- _Task item_
Write out exactly, excluding pictures, the lines from the one containing "Pink Gnome With A Long Pointy Hat" through the end of the data, both included.

- _Provided data_
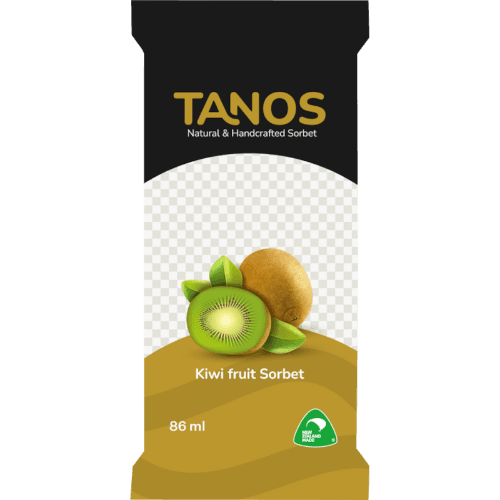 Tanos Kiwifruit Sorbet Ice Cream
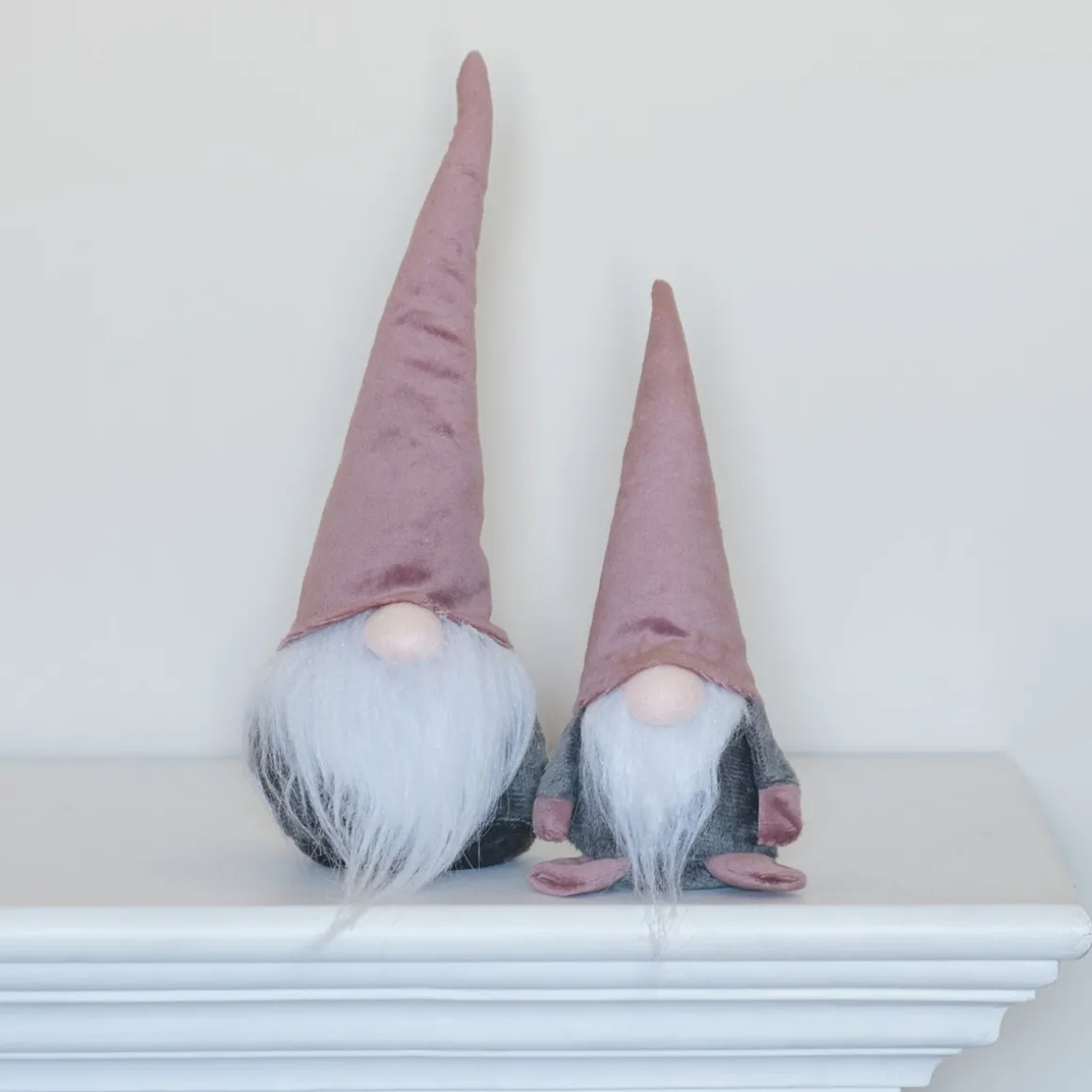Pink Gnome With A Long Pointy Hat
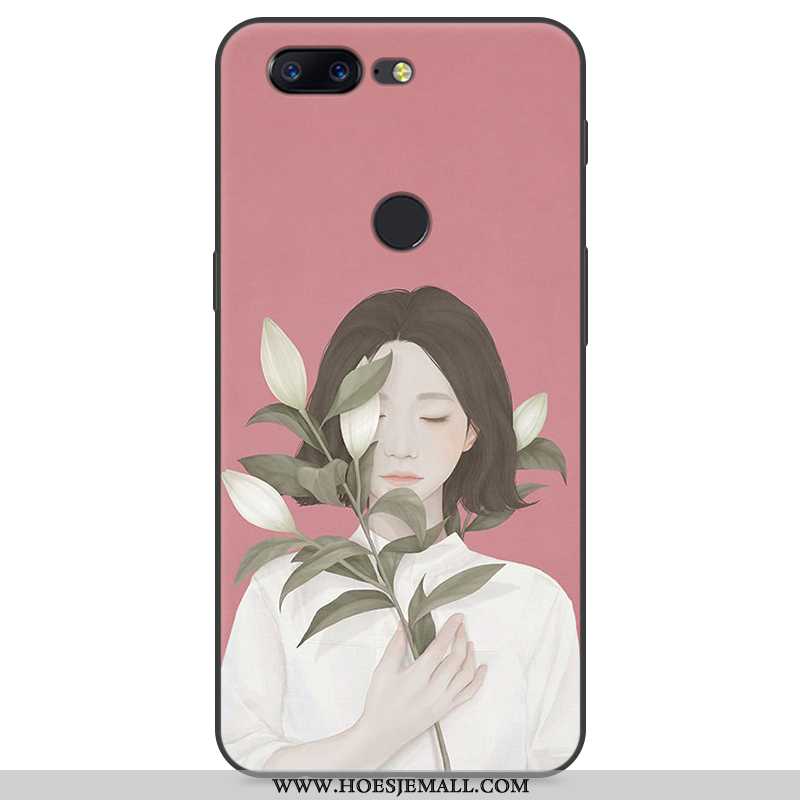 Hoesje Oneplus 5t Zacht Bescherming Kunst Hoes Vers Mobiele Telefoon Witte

- _Finished task_
Pink Gnome With A Long Pointy Hat
 Hoesje Oneplus 5t Zacht Bescherming Kunst Hoes Vers Mobiele Telefoon Witte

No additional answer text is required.